Unsupervised Evaluation of Code LLMs with Round-Trip Correctness

Authors: Miltiadis Allamanis, Sheena Panthaplackel, Pengcheng Yin

ICML 2024 | Conference PDF | Archive PDF | Plain Text | LLM Run Details

Reproducibility Variable Result LLM Response
Research Type Experimental We show that RTC strongly correlates with existing metrics on narrow-domain benchmarks (Human Eval and ARCADE) measuring the same LLM capability within that narrow domain (Sec. 4.1). We show that RTC allows us to measure an LLM s performance over a wide-range of real-life software domains without human-provided annotations and complements existing narrow-domain benchmarks (Sec. 4.2).
Researcher Affiliation Industry 1Google DeepMind.

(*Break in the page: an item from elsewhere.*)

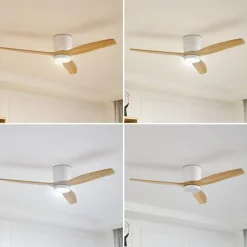 Lucande LED-loftventilator Faipari, hvid, DC, støjsvag, 132 cm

Correspondence to: Miltiadis Allamanis <mallamanis@google.com>.
Pseudocode No The paper provides conceptual diagrams and summary tables (e.g., Figure 1, Table 1) but does not include any explicitly labeled 'Pseudocode' or 'Algorithm' blocks, nor does it present structured steps in a code-like format.

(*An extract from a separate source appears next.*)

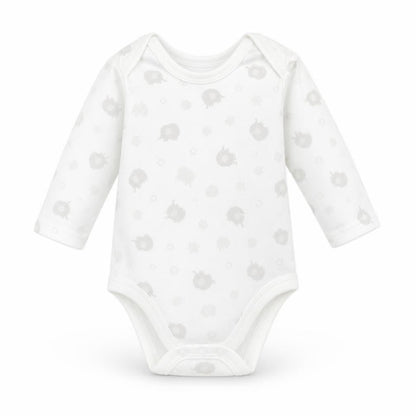 Front view of Nutmeg Baby White Geometric Babygrow One-Piece, size 6-9, Months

Open Source Code Yes Our code can be found at https://github.com/ google-deepmind/icml2024-roundtrip-correctness.
Open Datasets Yes To test this hypothesis we employ Human Eval (Chen et al., 2021) and ARCADE (Yin et al., 2022) that represent two common domains... To investigate this question, we collect a set of 77 of permissively licensed open-source Python projects... The used projects are shown in Appendix A.
Dataset Splits No The paper mentions drawing samples and using few-shot prompting, but it does not provide specific percentages or counts for training, validation, or test dataset splits, nor does it refer to predefined or stratified splitting methodologies for reproduction.
Hardware Specification No The paper mentions 'Given the time constraints and compute limitations,' but it does not specify any hardware details such as GPU models, CPU types, or other computing resources used for the experiments.
Software Dependencies No The paper does not list specific software dependencies with version numbers, such as programming language versions or library versions (e.g., 'Python 3.8', 'PyTorch 1.9').
Experiment Setup Yes Unless stated otherwise, to compute RTC we draw 3 forward samples and one backward sample per forward sample. We use temperature of 0.8 for the forward model (to allow for disparate forward samples) and 0.1 for the backward samples (to generate high-probability code generations). We use three-shot prompting with identical few-shot prompts for all models. Finally, we limit the length of the forward samples to 128 characters.